16.6 Swapping in Pages

Swap in must take place when a process attempts to address a page within its address space that has been swapped out to disk. The Page Fault exception handler triggers a swap-in operation when the following conditions occur (see Section 8.4.2):

·         The page including the address that caused the exception is a valid one—that is, it belongs to a memory region of the current process.

·         The page is not present in memory—that is, the Present flag in the Page Table entry is cleared.

·         The Page Table entry associated with the page is not null, which means it contains a swapped-out page identifier.
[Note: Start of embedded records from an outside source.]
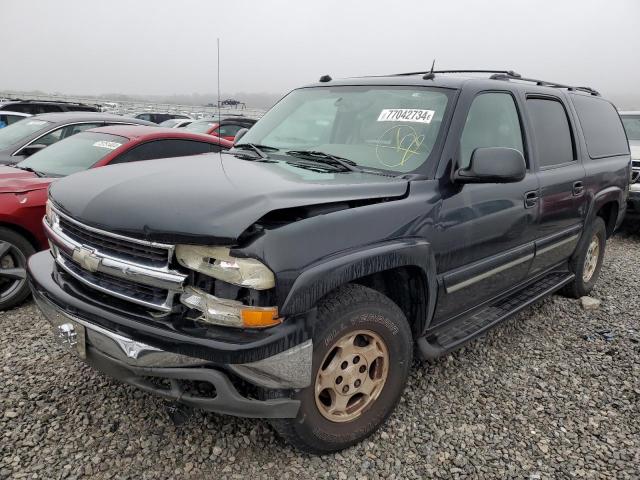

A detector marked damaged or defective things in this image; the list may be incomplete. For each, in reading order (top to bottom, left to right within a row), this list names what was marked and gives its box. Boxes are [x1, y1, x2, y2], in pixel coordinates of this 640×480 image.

damaged hood [0, 166, 54, 194]
damaged hood [51, 154, 410, 244] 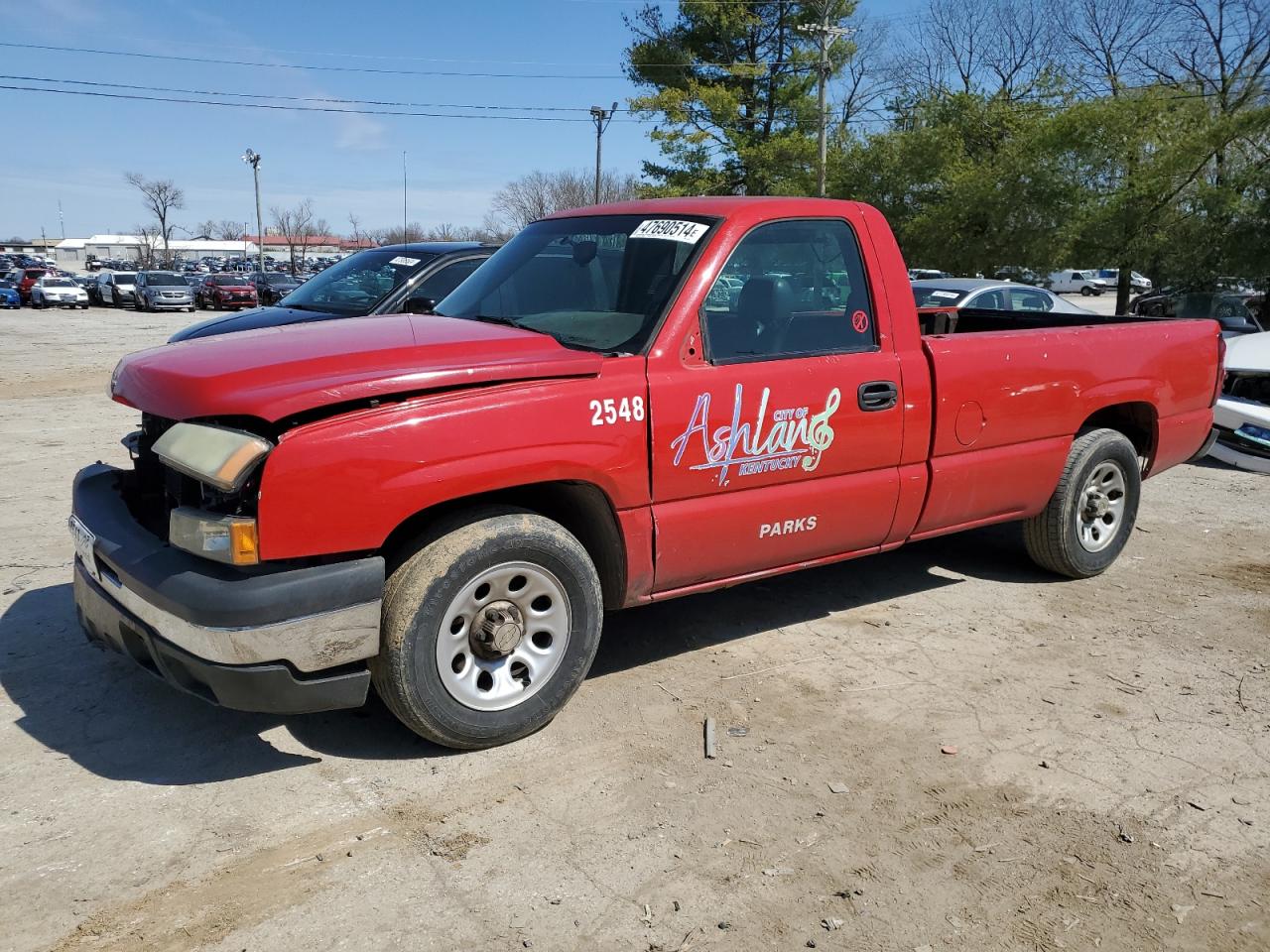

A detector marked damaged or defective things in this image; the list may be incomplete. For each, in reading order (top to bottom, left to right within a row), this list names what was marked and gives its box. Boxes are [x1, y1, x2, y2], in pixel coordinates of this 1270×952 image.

crumpled hood [110, 313, 603, 422]
damaged front bumper [70, 460, 381, 714] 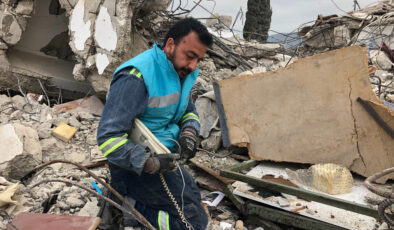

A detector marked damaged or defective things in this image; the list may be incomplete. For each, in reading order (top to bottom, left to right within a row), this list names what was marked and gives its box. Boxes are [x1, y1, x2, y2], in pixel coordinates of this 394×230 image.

cracked wall [0, 0, 172, 98]
broken concrete slab [0, 123, 42, 181]
broken concrete slab [215, 45, 394, 181] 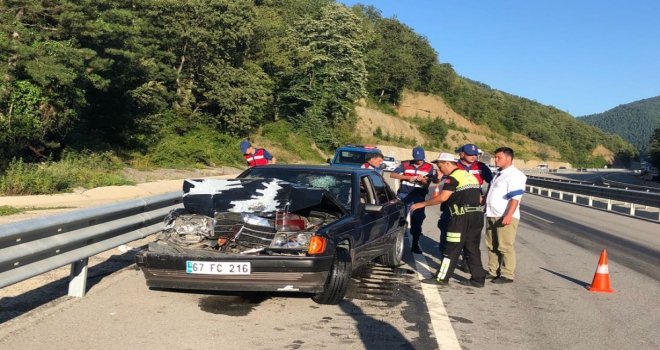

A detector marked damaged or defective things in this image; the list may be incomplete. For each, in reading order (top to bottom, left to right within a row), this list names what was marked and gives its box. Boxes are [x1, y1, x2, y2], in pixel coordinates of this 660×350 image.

crumpled car hood [180, 179, 346, 217]
damaged dark blue car [135, 164, 408, 304] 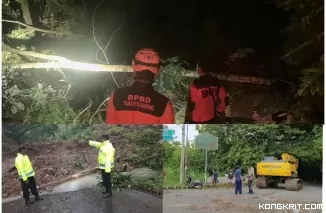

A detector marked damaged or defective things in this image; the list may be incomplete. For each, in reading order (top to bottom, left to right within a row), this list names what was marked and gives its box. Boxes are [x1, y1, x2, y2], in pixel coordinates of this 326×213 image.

damaged road [2, 188, 163, 213]
damaged road [164, 183, 322, 213] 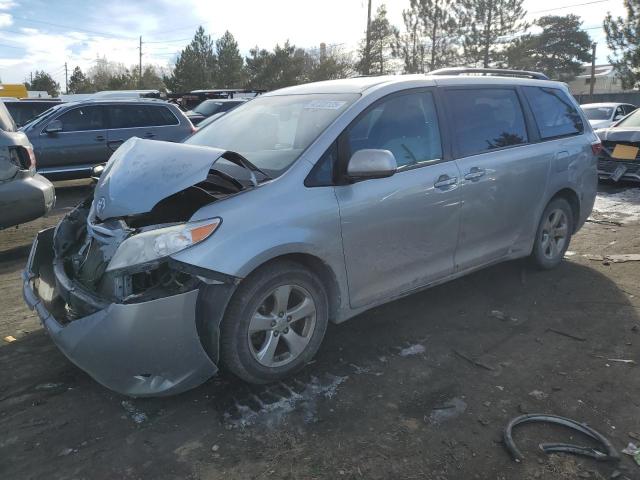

As described in Section 8.4.3, the handle_pte_fault( ) function, invoked by the do_page_fault( ) exception handler, checks whether the Page Table entry is non-null. If so, it invokes a quite handy do_swap_page( ) function to swap in the page required.

16.6.1 The do_swap_page( ) Function

This do_swap_page( ) function acts on the following parameters:

mm

Memory descriptor address of the process that caused the Page Fault exception

vma

Memory region descriptor address of the region that includes address

address

Linear address that causes the exception

page_table

Address of the Page Table entry that maps address

orig_pte

Content of the Page Table entry that maps address

write_access

Flag denoting whether the attempted access was a read or a write

Contrary to other functions, do_swap_page( ) never returns 0. It returns 1 if the page is already in the swap cache (minor fault), 2 if the page was read from the swap area (major fault), and -1 if an error occurred while performing the swap in. It essentially executes the following steps:

1.       Releases the page_table_lock spin lock of the memory descriptor (it was acquired by the caller function handle_pte_fault( )).

2.       Gets the swapped-out page identifier from orig_pte.

3.       Invokes lookup_swap_cache( ) to check whether the swap cache already contains a page corresponding to the swapped-out page identifier; if the page is already in the swap cache, it jumps to Step 6.

4.       Invokes the swapin_readahead( ) function to read from the swap area a group of at most 2n pages, including the requested one. The value n is stored in the page_cluster variable, and is usually equal to 3.[7] Each page is read by invoking the read_swap_cache_async( ) function.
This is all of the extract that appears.